Bokova fez questão de notar que as decisões tomadas são da responsabilidade dos estados-membros e não dela, como directora-geral da organização.
Bokova repetiu ainda as suas declarações dos passados meses de Abril e de Julho, em que "A Velha Cidade de Jerusalém é a cidade sagrada das três religiões monoteístas: o judaísmo, o cristianismo e o islamismo, e que tanto os judeus, como os cristãos e os muçulmanos têm direito ao reconhecimento explícito da sua História e relacionamento com a cidade."
 
E, numa aparente oposição à resolução aprovada pelo organismo que ela dirige, Bokova afirmou ainda: "acredito firmemente que negar ou ocultar quaisquer das tradições judaica, cristã ou muçulmana mina a integridade do sítio."
Bokova referiu-se ainda a alguns dos sítios inscritos na lista do património mundial da UNESCO e a alguns dos projectos da organização, que "atestam o nosso compromisso com a cultura judaica e que comprovam o nosso conhecimento e respeito pelos laços existentes entre o povo judeu e a Terra Santa, incluindo Jerusalém."
 
A directora-geral da UNESCO fez ainda questão de apregoar que a sua organização "é a única da ONU com um programa dedicado à educação sobre o Holocausto."
 
 
Irina Bokova e a organização que dirige com agendas contrárias. Ainda bem para ela. Só espero que ela não se fique pelo "politicamente correcto" das palavras, mas que dê passos que comprovem de facto esta sua louvável postura...
 
Shalom, Israel!
 
 

sexta-feira, outubro 14, 2016

"A VERDADE HISTÓRICA É MAIS FORTE, E A VERDADE PREVALECERÁ" - AFIRMOU NETANYAHU EM REACÇÃO À RESOLUÇÃO DA UNESCO

Furioso como não poderia deixar de estar com a decisão da UNESCO em reinventar a História no que concerne à ligação milenar dos judeus com a sua Cidade eterna, Jerusalém, o primeiro-ministro comentou e satirizou a decisão do desacreditado órgão da ONU, com as seguintes palavras:

"Hoje, a organização adoptou outra decisão delirante, afirmando que o povo judeu não tem ligação com o Monte do Templo ou com o Muro Ocidental. Mesmo que eles não leiam a Bíblia, eu sugeriria aos membros da UNESCO que visitem o Arco de Tito, em Roma. Nele, pode-se ver o que os romanos trouxeram para Roma depois de destruírem e saquearem o Segundo Templo, no Monte do Templo, há 2 mil anos. Lá, gravada no Arco de Tito, está a Menorá de sete braços que é o símbolo do povo judeu e, lembro-vos, também é o símbolo do estado judeu, actualmente.
Em breve, a UNESCO vai dizer que o imperador Tito está envolvido em propaganda sionista.
Dizer que Israel não tem ligação com o Monte do Templo e com o Muro das Lamentações, é como dizer que a China não tem ligação com a Grande Muralha da China ou que o Egipto não tem ligação com as pirâmides. 
Com essa decisão absurda, a UNESCO perdeu a pouca legitimidade que ainda lhe restava.
Mas eu acredito que a verdade histórica é mais forte, e a verdade prevalecerá. E, hoje, estamos a lidar com a verdade."
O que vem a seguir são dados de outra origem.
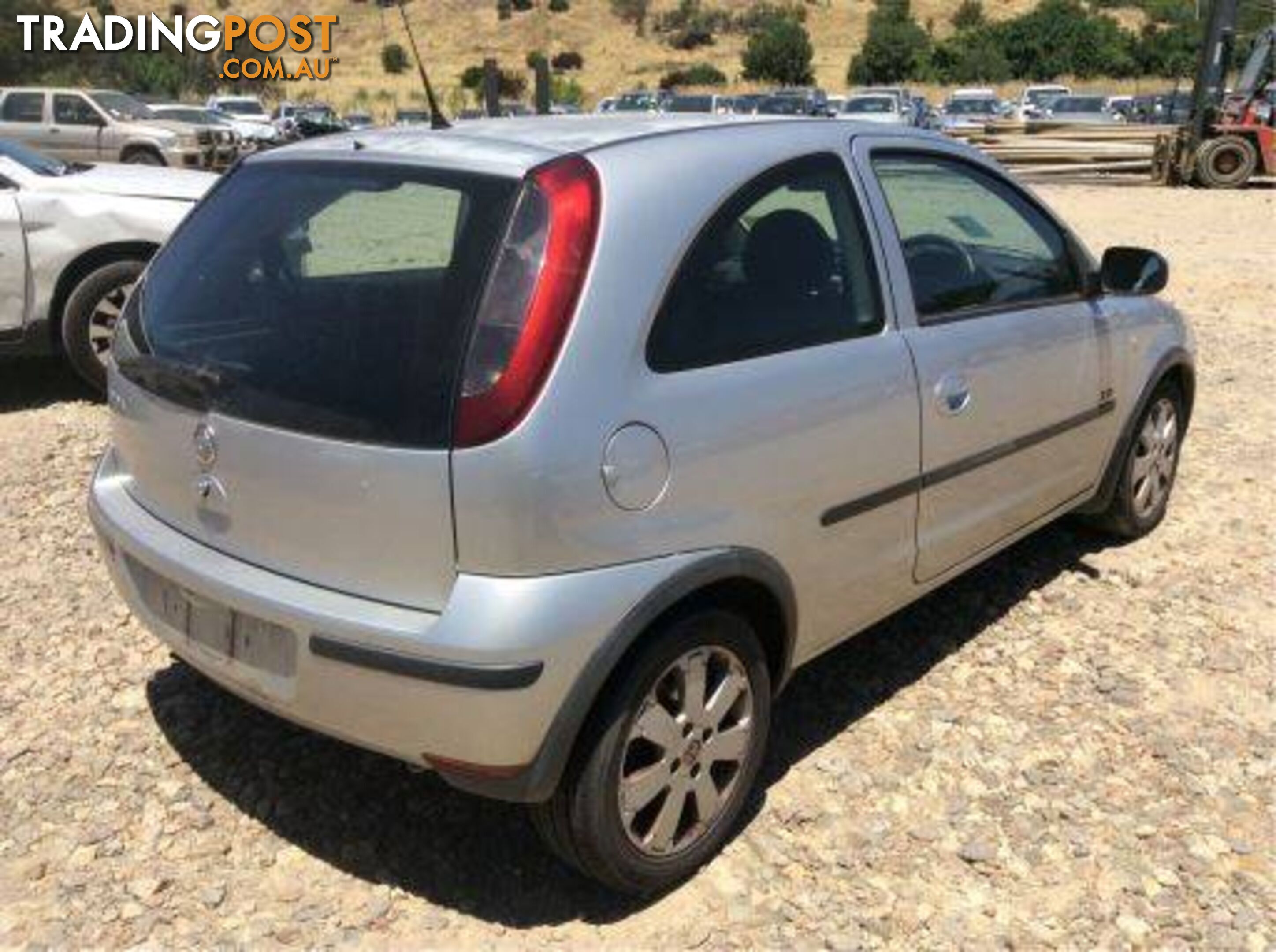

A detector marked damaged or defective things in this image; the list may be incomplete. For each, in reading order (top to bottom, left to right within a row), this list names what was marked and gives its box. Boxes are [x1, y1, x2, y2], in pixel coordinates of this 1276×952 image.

wrecked white car [0, 138, 214, 390]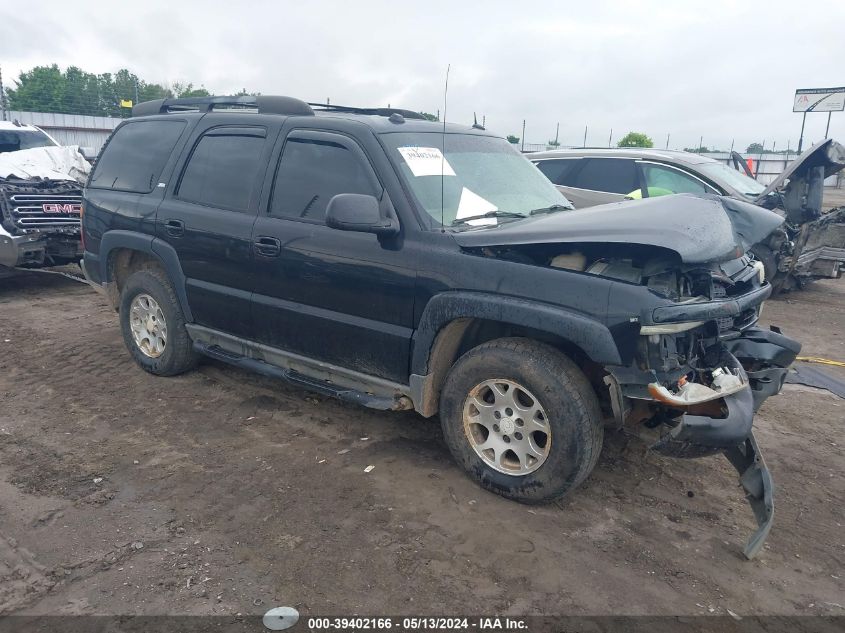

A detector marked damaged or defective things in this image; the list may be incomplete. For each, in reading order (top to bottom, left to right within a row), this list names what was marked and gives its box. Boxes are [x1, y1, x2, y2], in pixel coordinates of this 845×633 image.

damaged hood [0, 148, 90, 185]
damaged vehicle [0, 119, 91, 272]
damaged hood [454, 193, 784, 262]
damaged vehicle [532, 140, 844, 288]
wrecked black suv [84, 95, 796, 556]
damaged vehicle [84, 95, 796, 556]
crushed front end [608, 254, 796, 556]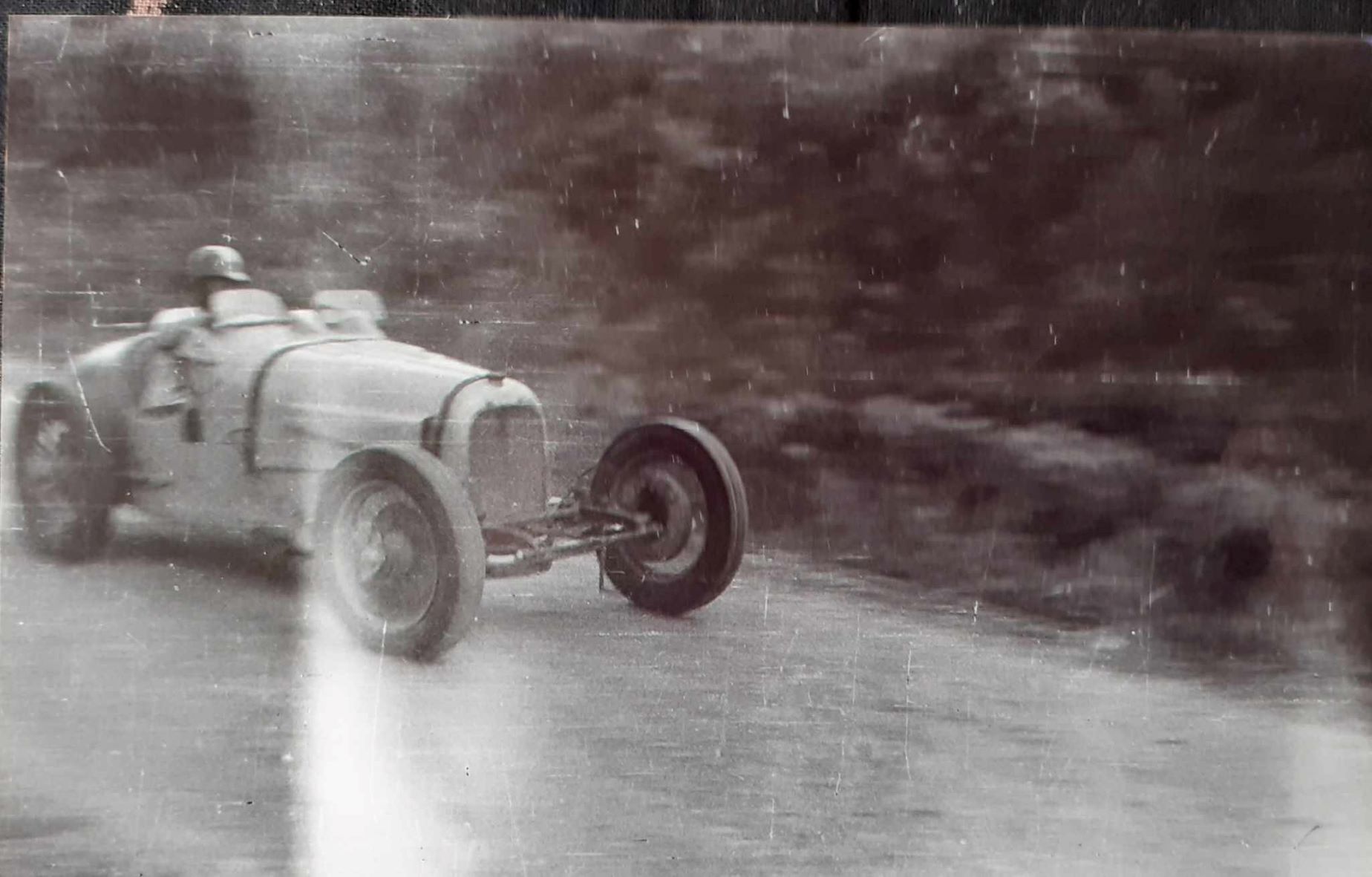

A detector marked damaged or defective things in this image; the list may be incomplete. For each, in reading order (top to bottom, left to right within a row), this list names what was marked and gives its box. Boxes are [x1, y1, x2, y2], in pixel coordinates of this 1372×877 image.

detached wheel [13, 384, 114, 562]
detached wheel [314, 444, 486, 659]
detached wheel [589, 420, 751, 617]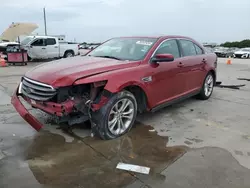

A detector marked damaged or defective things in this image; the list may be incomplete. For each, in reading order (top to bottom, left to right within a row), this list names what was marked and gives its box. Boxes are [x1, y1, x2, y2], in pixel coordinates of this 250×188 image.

crumpled hood [25, 55, 140, 87]
front-end damage [11, 77, 113, 131]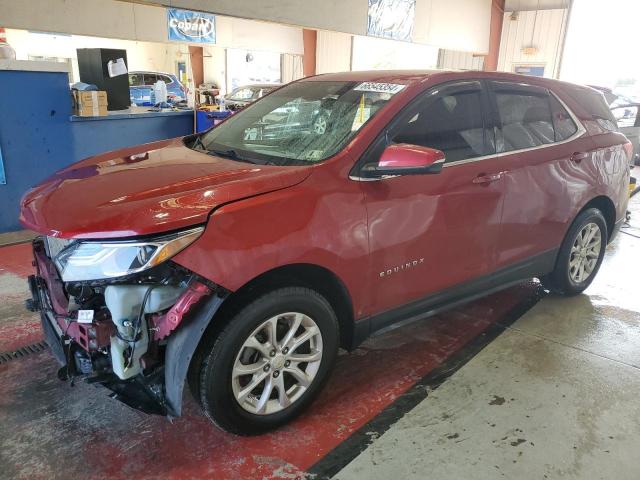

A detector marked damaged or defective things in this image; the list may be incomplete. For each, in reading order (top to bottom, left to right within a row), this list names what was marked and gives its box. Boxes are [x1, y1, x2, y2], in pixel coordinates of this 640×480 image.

exposed headlight assembly [53, 228, 202, 284]
damaged front end [27, 229, 228, 416]
front bumper damage [27, 238, 228, 418]
crumpled hood [23, 137, 316, 238]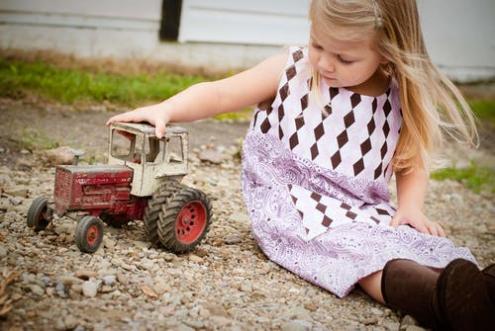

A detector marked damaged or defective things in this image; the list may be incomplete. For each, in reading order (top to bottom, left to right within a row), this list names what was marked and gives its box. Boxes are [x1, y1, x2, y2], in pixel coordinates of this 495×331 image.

rusty metal toy [27, 122, 212, 254]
ISRAEL SUSPENDE COOPERAÇÃO COM A UNESCO
O Ministro para a Educação israelita Naftali Bennett decidiu entretanto suspender toda a cooperação com a UNESCO, face à resolução ontem tomada e que, segundo Bennet, foi "um incremento para o terrorismo."

Shalom, Israel!

quinta-feira, outubro 13, 2016

NUMA ABOMINÁVEL ADULTERAÇÃO DA HISTÓRIA, A UNESCO "DECIDIU" QUE OS JUDEUS NÃO TÊM QUALQUER LIGAÇÃO A JERUSALÉM...!

A mais que desacreditada UNESCO, o órgão da ONU ligado ao património histórico e cultural do mundo, mostrou a sua verdadeira face anti-semita, ao ter cedido às pérfidas chantagens e mentiras dos palestinianos, conseguindo fazer passar e aprovar esta manhã uma resolução proposta pelos palestinianos negando toda e qualquer ligação entre os judeus, Jerusalém e o Monte do Templo (Monte Moriá).
24 países apoiaram a resolução - entre os quais a Argélia, o Bangladesh, o Brasil, o Chade, a China, a república Dominicana, o Egipto, o Irão, o Líbano, a Malásia, a Mauritânia, o México, Marrocos, Moçambique, a Nicarágua, a Nigéria, o Omã, o Paquistão, o Qatar, a Rússia, o Senegal, a África do Sul, o Sudão e o Vietname - enquanto que 26 se abstiveram, e outros 6 votaram contra. De assinalar que nenhuma nação europeia votou a favor da ridícula e ignóbil resolução.
Mesmo assim, a França, a Suécia, a Eslovénia, a Índia, a Argentina e o Togo estavam a preparar-se para votar a favor desta verdadeira estupidificação da História, mas, perto da hora da votação, foram convencidos a se absterem.
Contra a recambolesca resolução favorável à mentira palestiniana votaram os Estados Unidos, a Inglaterra, a Lituânia, a Holanda, a Estónia e a Alemanha. 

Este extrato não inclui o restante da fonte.